◆ **Listed records**:
________________________________________
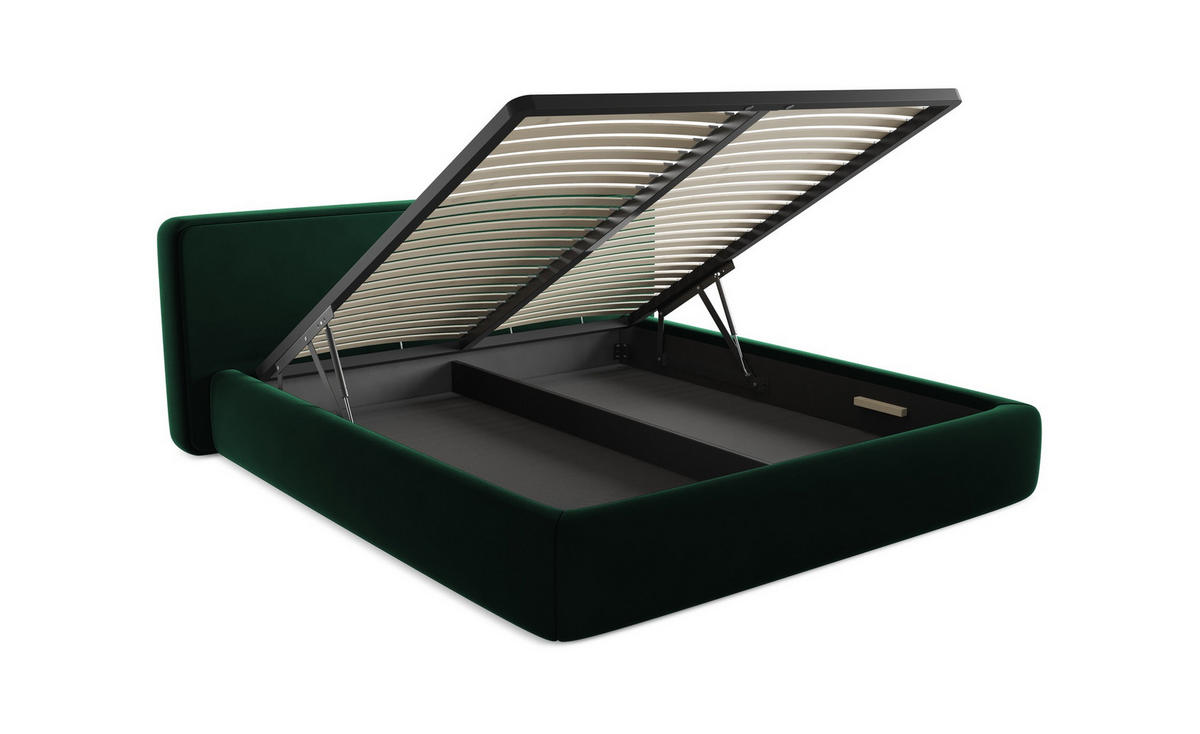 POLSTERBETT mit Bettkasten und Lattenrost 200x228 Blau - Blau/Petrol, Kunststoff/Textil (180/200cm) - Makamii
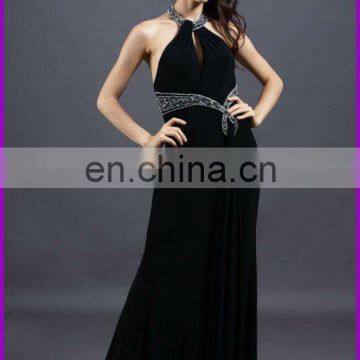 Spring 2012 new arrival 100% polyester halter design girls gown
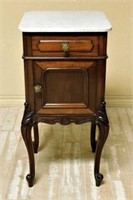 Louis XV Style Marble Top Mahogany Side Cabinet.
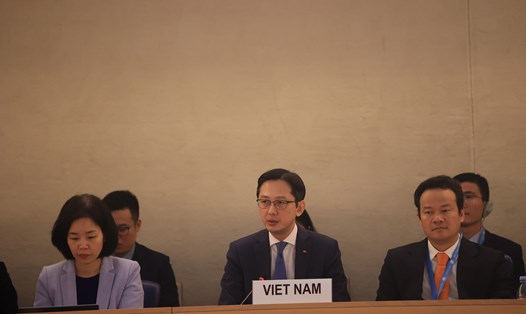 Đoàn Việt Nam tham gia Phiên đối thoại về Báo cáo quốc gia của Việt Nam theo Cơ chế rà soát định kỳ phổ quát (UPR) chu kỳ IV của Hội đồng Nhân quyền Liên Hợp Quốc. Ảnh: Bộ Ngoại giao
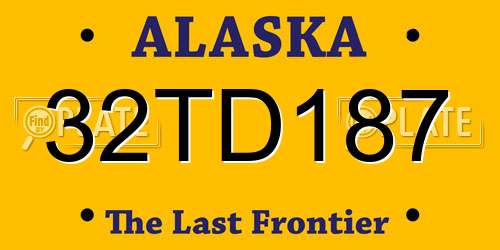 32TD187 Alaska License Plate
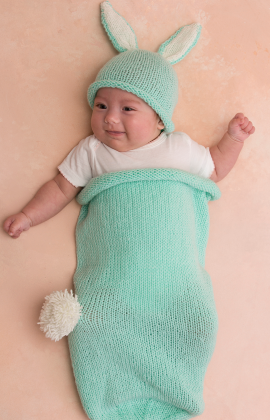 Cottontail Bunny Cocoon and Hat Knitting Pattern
________________________________________
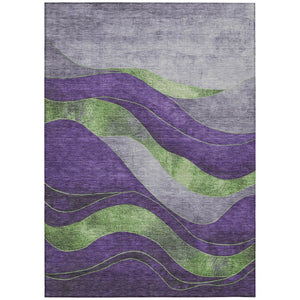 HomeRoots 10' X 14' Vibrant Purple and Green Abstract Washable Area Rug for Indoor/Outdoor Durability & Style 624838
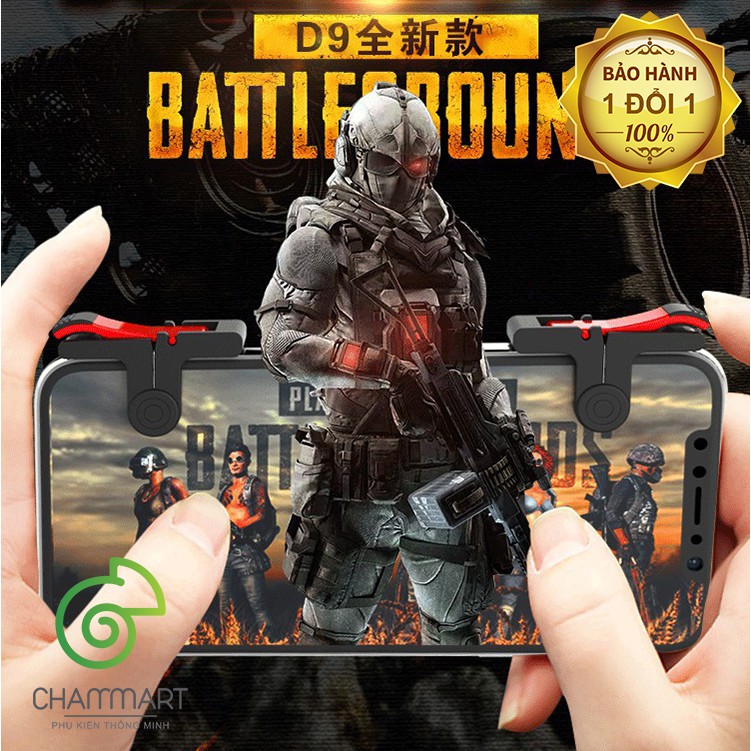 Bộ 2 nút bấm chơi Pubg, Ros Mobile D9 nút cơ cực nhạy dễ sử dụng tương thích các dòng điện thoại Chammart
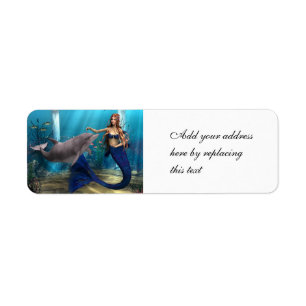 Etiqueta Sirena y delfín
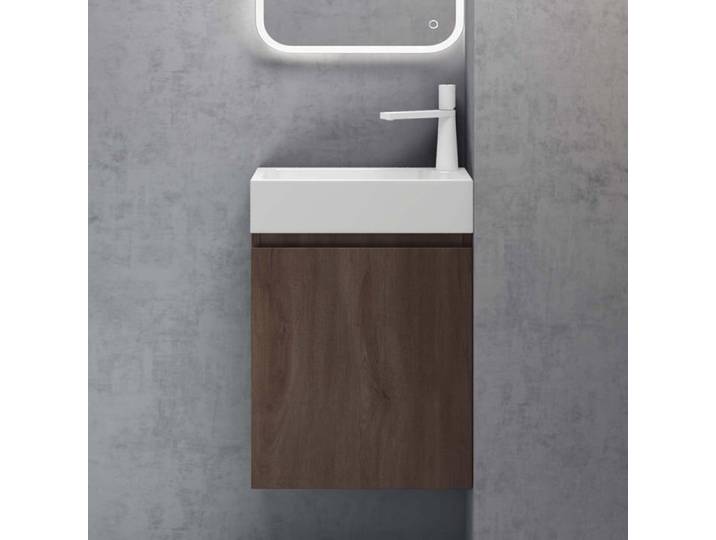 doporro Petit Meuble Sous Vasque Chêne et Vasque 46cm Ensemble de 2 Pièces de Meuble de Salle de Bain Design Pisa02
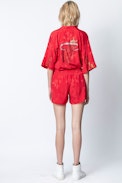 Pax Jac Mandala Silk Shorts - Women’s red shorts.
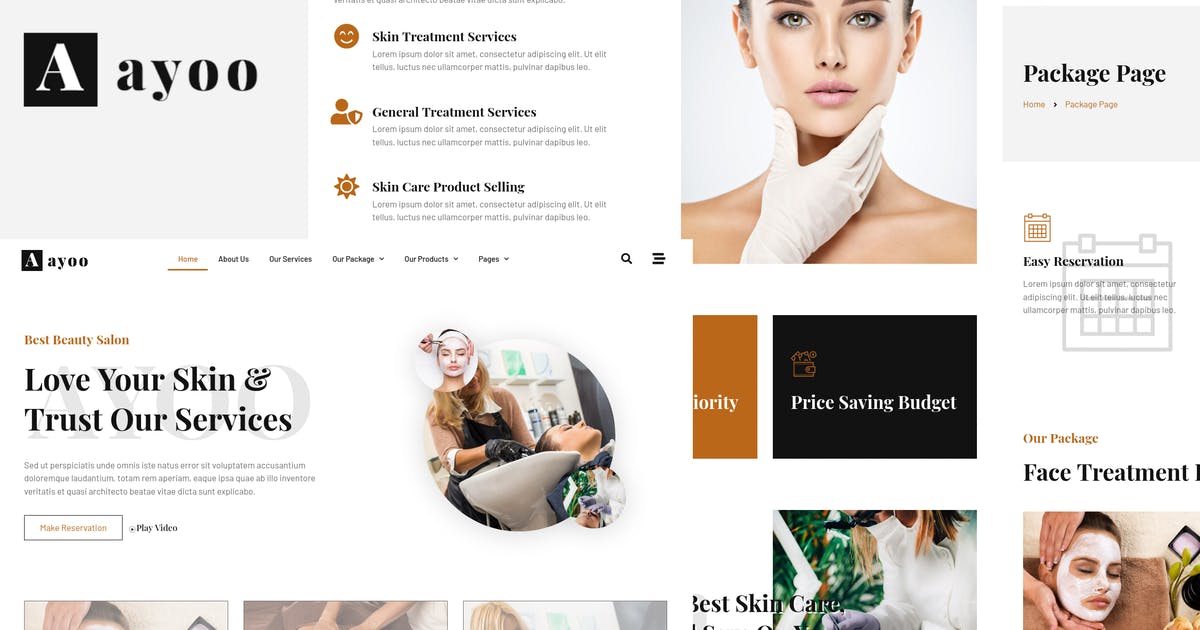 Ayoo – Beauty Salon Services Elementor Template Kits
________________________________________
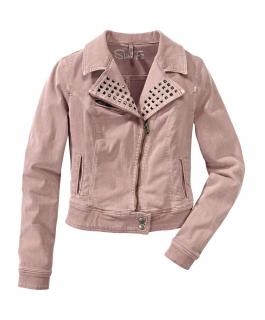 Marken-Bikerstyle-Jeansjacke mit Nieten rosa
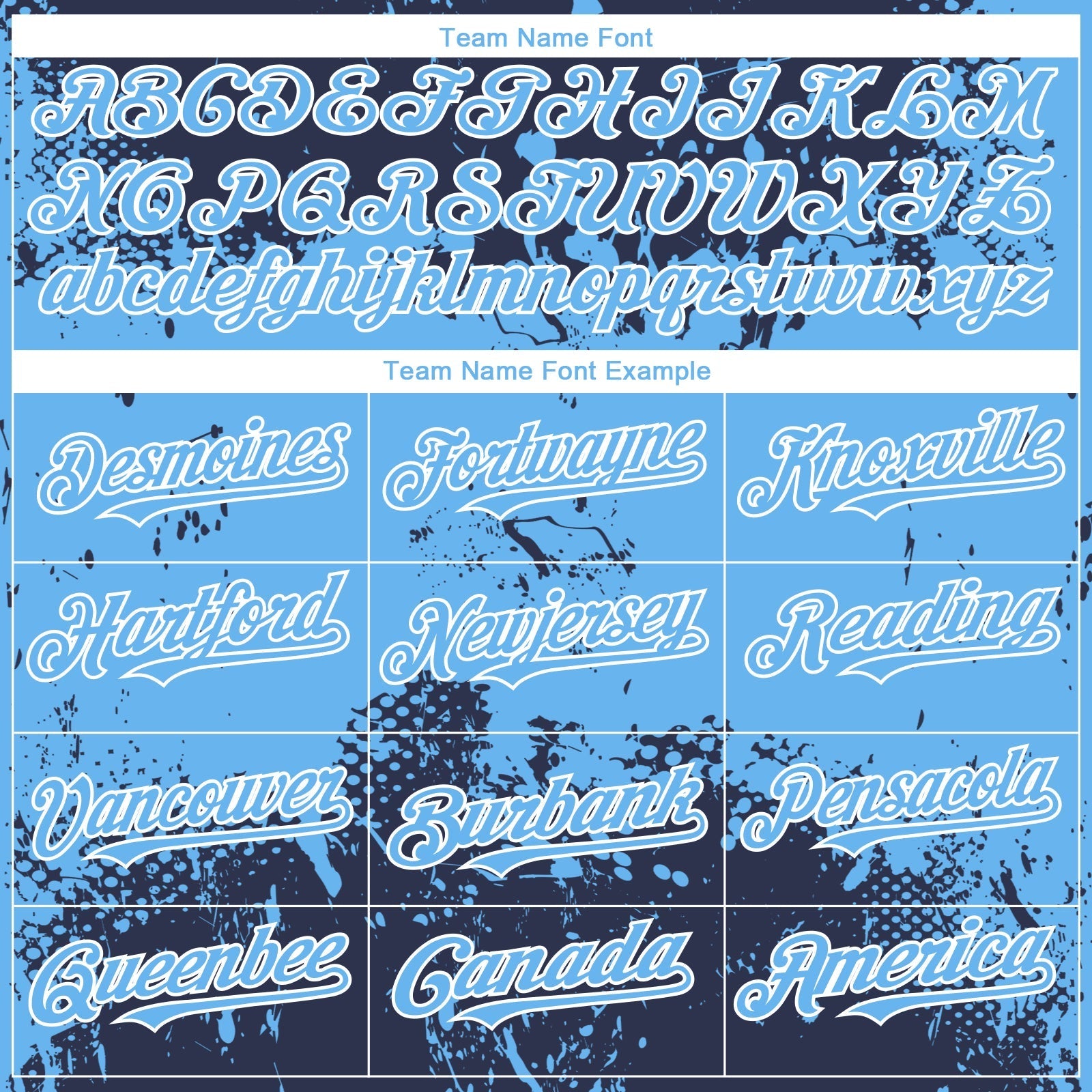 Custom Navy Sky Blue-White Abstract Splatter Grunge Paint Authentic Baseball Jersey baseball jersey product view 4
________________________________________
◆ **Prompt**:
Using the entries above, transcribe every line from the line containing "Etiqueta Sirena y delfín" through the line containing "Ayoo – Beauty". Do not copy pictures.

◆ **Answer box**:
 Etiqueta Sirena y delfín
 doporro Petit Meuble Sous Vasque Chêne et Vasque 46cm Ensemble de 2 Pièces de Meuble de Salle de Bain Design Pisa02
 Pax Jac Mandala Silk Shorts - Women’s red shorts.
 Ayoo – Beauty Salon Services Elementor Template Kits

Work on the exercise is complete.